DATA EXTRACT ▸
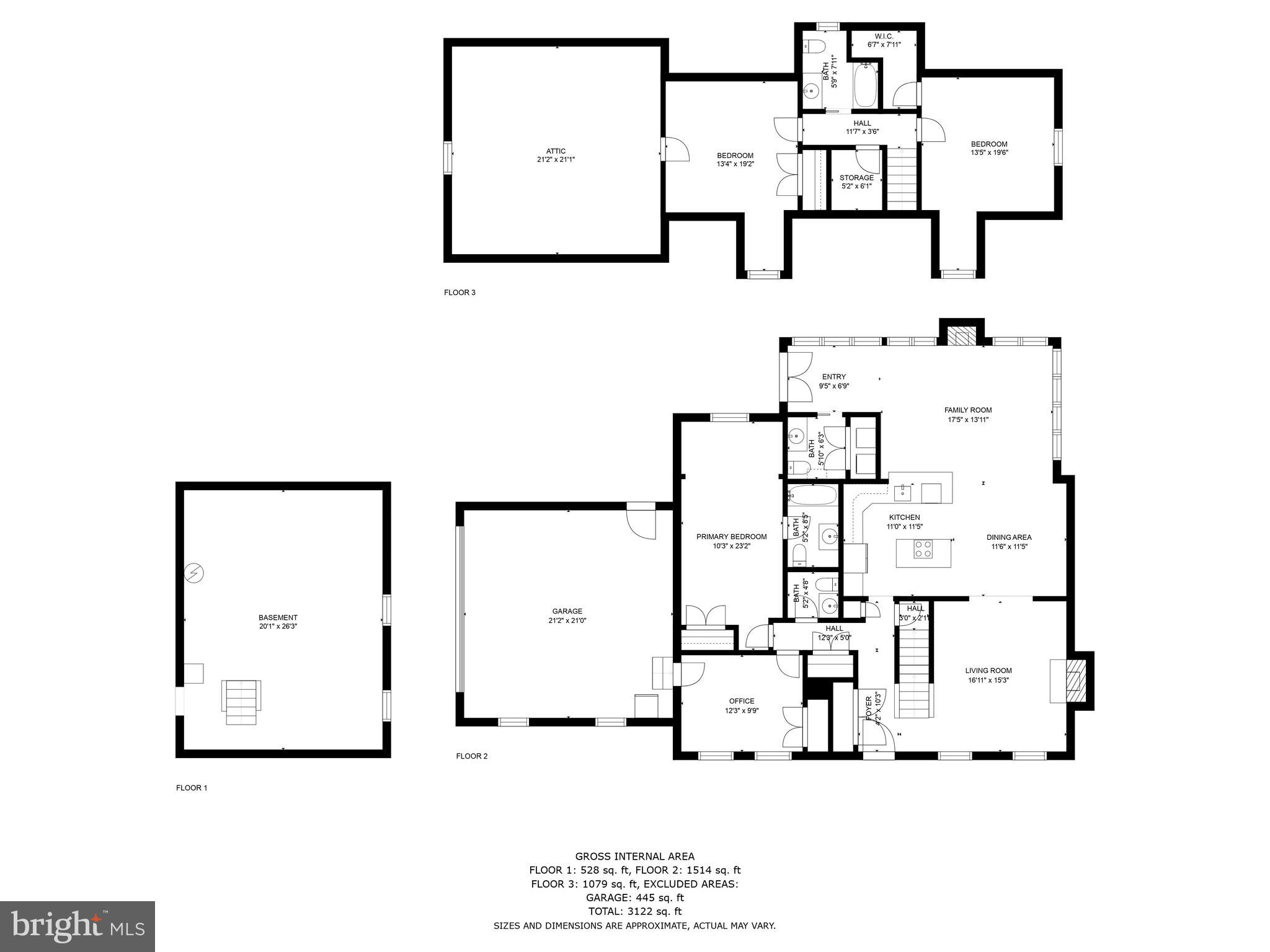 DOGWOOD VILLAGE - Residential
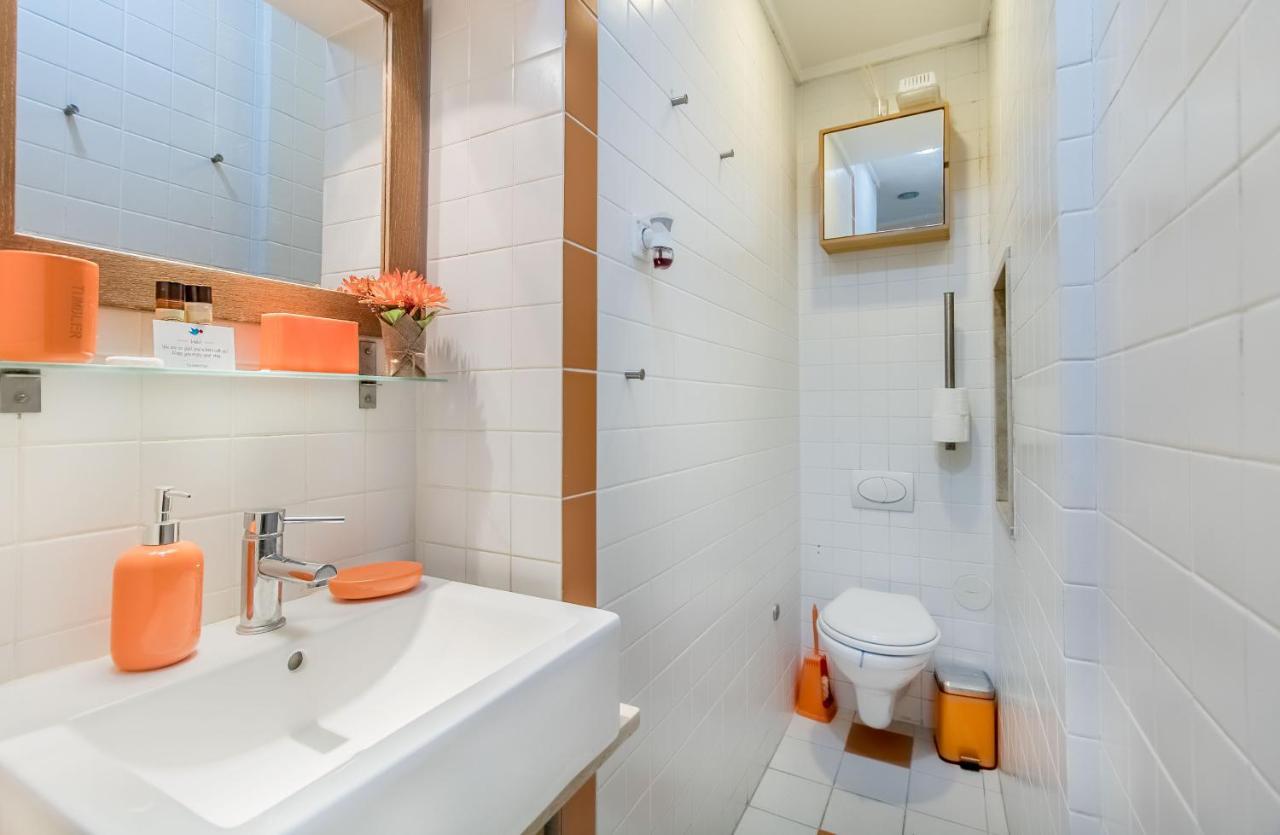 Correeiros Downtown - Historic Apartamento *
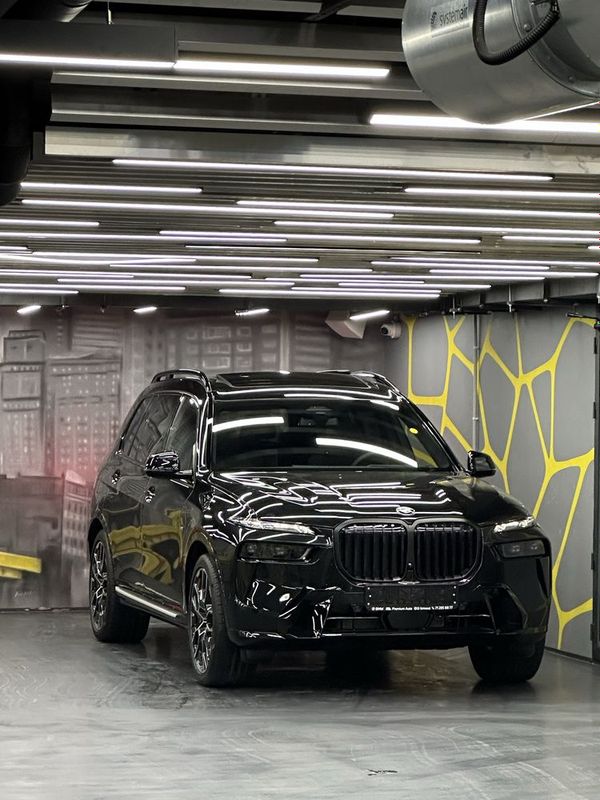 Bmw X7 Xdirve 40i 2024/25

EXERCISE DESCRIPTION ▸ Word for word, repeat the material above and drop the pictures.

EXPECTED OUTPUT ▸
 DOGWOOD VILLAGE - Residential
 Correeiros Downtown - Historic Apartamento *
 Bmw X7 Xdirve 40i 2024/25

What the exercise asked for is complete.